There’s one nagging thing I can’t let go of, though. He ruined the fucking fair for me.

I always loved going to the the fair. It was one of the things I was most excited about when we moved back to North Carolina. The fairs here are in October, which is the only correct time of year for them. It’s cool out, and I always used to go at night, just like my family did when I was a kid. I loved it all, from the Methodist barbecue tent to the giant pumpkins to the midway to the weird booth-size dioramas in the exhibit hall. It was always my night to feel like a kid again.

I haven’t been to the fair since 2010. The ex and I were already confronting some big problems at that point and were trying to negotiate some compromises. Unfortunately, the ex chose “fair night” to do something that made me very sad in general, and also revealed to me that even though I was trying to make some compromises, a few of the lines I’d drawn were going to be crossed whether I liked it or not. It made me feel like my wants and requests were not really being acknowledged at all, which in turn made me suspect for the first time that our relationship was doomed.

This was something that probably needed to happen. I just wish it hadn’t happened at the fair, thus pretty much casting a pall on something I’ve always really kind of loved and making me associate it with one of the saddest nights of my life. It’s  like asking your spouse for a divorce on his birthday, or running over his puppy on Christmas morning. It sucks and I’ve never quite been able to forgive him this one thing. The whole night bothered me so much that I even deleted all my photos and videos of it so I wouldn’t run across them by accident…which is something that I just don’t do.

It’s funny the little sad things you hang on to even as you manage to eliminate most of them from your life: a song that reminds you of a failed romance when you were twenty, a note from your dad apologizing for something that both of you still remember vividly though you don’t want to admit it, your last photo of a friend before a fatal argument, etc. That this should be the one heartbreaking thing I take away from a failed long-term relationship is both surprising and completely appropriate. As a couple, we both felt and acted like big kids. This was the night that pretty much ended for me.

Happy anniversary to me (another one)

It may seem an odd thing to celebrate, but as of today, I have been single again for five years.

Today in 2011, I was in a pretty rotten place. I’d pretty much known where things were headed for several months; deciding that we weren’t going to live together anymore (or even live in the same time zone) was a pretty unmistakeable sign. But I was still unprepared for how hard it hit me on that Wednesday night when I realized that it was really over after nine very happy years and six really shitty months.

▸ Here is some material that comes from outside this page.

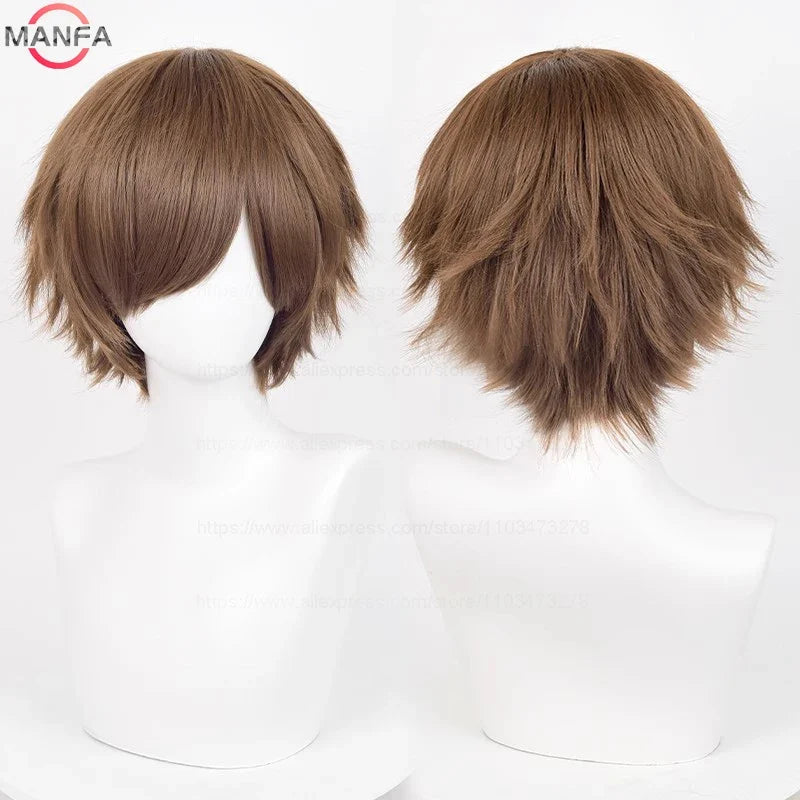 Short Straight Anime Cosplay Wig – 30cm, Multiple Colors for Men & Women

Being “coupled” has never been my natural state, even though there were some times that I really wanted it to be…and even though there was one time where it really did feel right. By the time I met Mark in 2001, I was pretty comfortable–hell, even enthusiastic–about the prospect of remaining a confirmed bachelor for life. One very serious case of love changed all that and I do not for a minute regret that it happened. All in all, it was a very happy time in my life and I was very sad when it ended.

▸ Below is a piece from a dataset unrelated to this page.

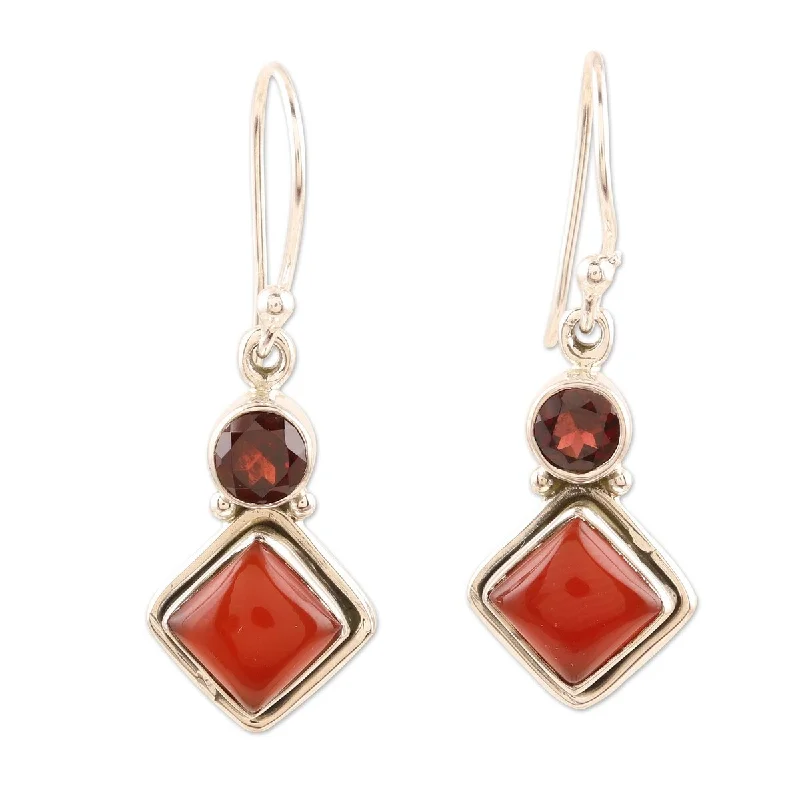 Nonagon stud earrings-NOVICA Soaring Kite, Garnet and carnelian dangle earrings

The fact that it ended at a time when there were a lot of other things going on in my life made it much harder, and the fact that I didn’t feel entirely comfortable talking about most of it even with close friends made it even harder.In the end, I was not prepared to make one really big compromise that might have (at best) delayed the end, but would have done so at the expense of my sanity and my emotional health–which looks in retrospect like the very moment I started my recovery. It didn’t seem like it at the time but ultimately, I realized there was a bigger problem in my life/brain/body chemistry/whatever and I began working on that. Pretty successfully, I think.

But I’ve also spent the past five years learning how once again to be that single person I used to love. I think I’ve been pretty successful at that, too. Frankly, I like myself better as a single person. I think most of my friends like me better that way, too. I’m more adventurous, I generally have more fun, and I don’t have to have anyone else along for the ride when I travel (which in itself is justification enough). And the introvert in me has more time for my friends now that most of the limited time I’m willing to allot to other people is not dedicated to just one other person.

I’m also more independent. In retrospect, I gave up a lot of that when I was coupled, just because it was easy to do so, and he was willing to take over a lot of things and make a lot of decisions. And, of course, that really wasn’t fair to either of us. It took me a long time to get back in the habit of taking care of things on my own. I’m still working on it. I think the task of building a very successful and satisfying new career while I was pretty much in “the depths” is what saved me. In fact, I didn’t even miss one day of work, which either means that I really loved my job or that I was scared to stay home the next day. Or both.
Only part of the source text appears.